Another welcome drop in the rate of inflation arrived in February. The annualized rate slowed to 5.2% from 5.9% in January.
The decline is better than expected. However, Statistics Canada points out the drop sounds more dramatic than it actually is, because it is being compared to February of last year, which saw a sharp increase in inflation due to the Russian invasion of Ukraine.
Food and fuel remain as key elements in the latest numbers. Falling gasoline prices led the pullback in inflation, while rising grocery costs persisted as a strain on household budgets. With those two volatile items removed from the calculation “core” inflation stands at 4.8% for February, down a notch from 4.9% in January
The Bank of Canada’s preferred measures of core inflation also continued to ease: “CPI Trim” fell to 4.8% in February from 5.0% in January; “CPI Median” dipped to 4.9% from 5.0%; “CPI Common” slowed to 6.4% from 6.6%.
For homeowners and homebuyers there is a mixed message. For owners, replacement cost, which relates to the price of new homes, rose at an annual pace of 3.3% compared to 4.3% in January.
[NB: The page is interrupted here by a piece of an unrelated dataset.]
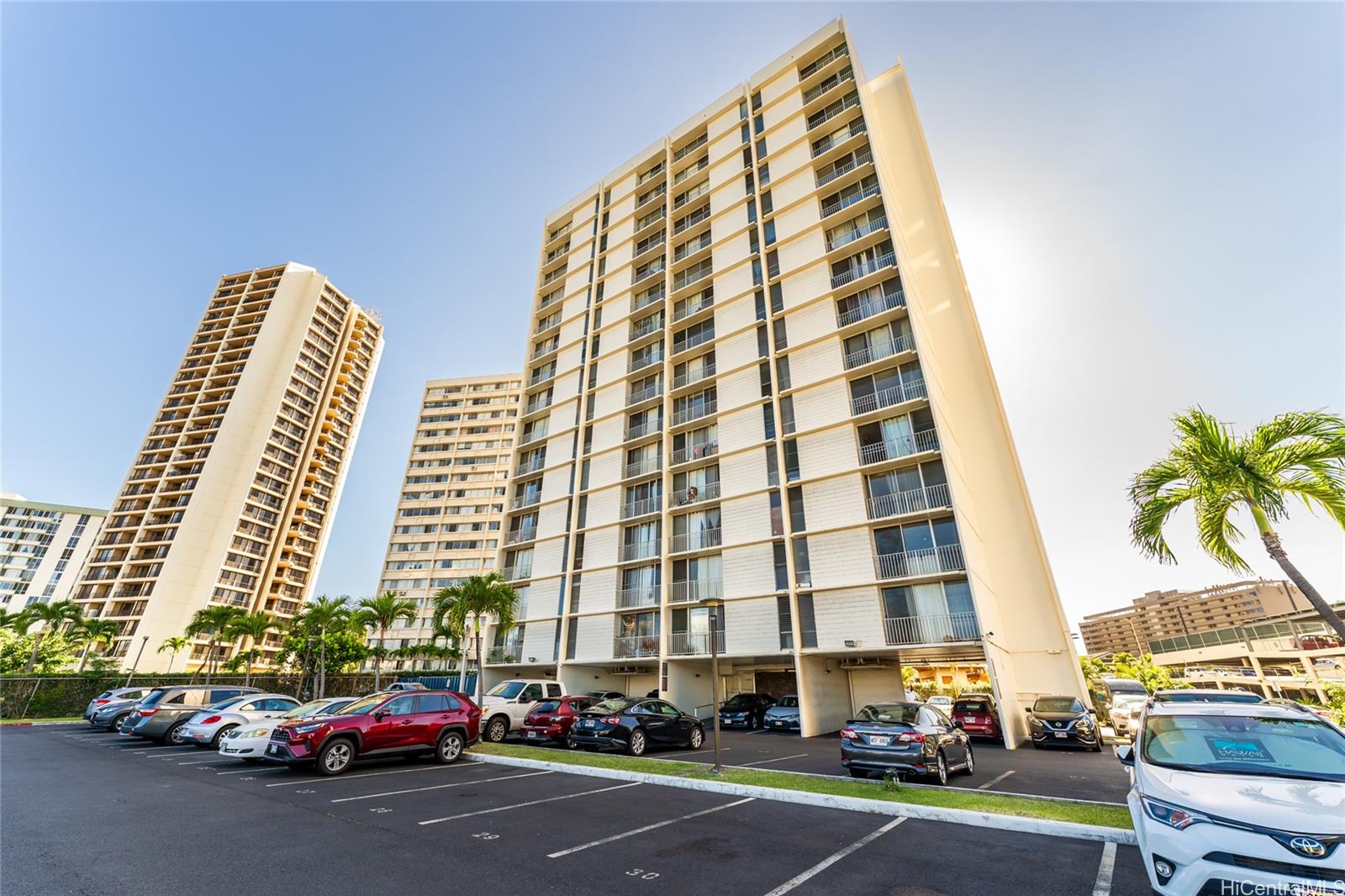 Holiday Lakeview condo # 702, Honolulu, Hawaii - photo 23 of 24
Other owned accommodation expenses, which includes real estate commissions, eased to 0.2%, from 1.1%, month-over-month.
For buyers, mortgage interest cost remains a key driver of inflation, rising 23.9%, up from 21.2% in January.
The Bank of Canada’s next rate setting is April 12th. With the good inflation news and the current banking turmoil in the U.S. and Europe, most market watchers expect the BoC will continue to pause its rate hikes.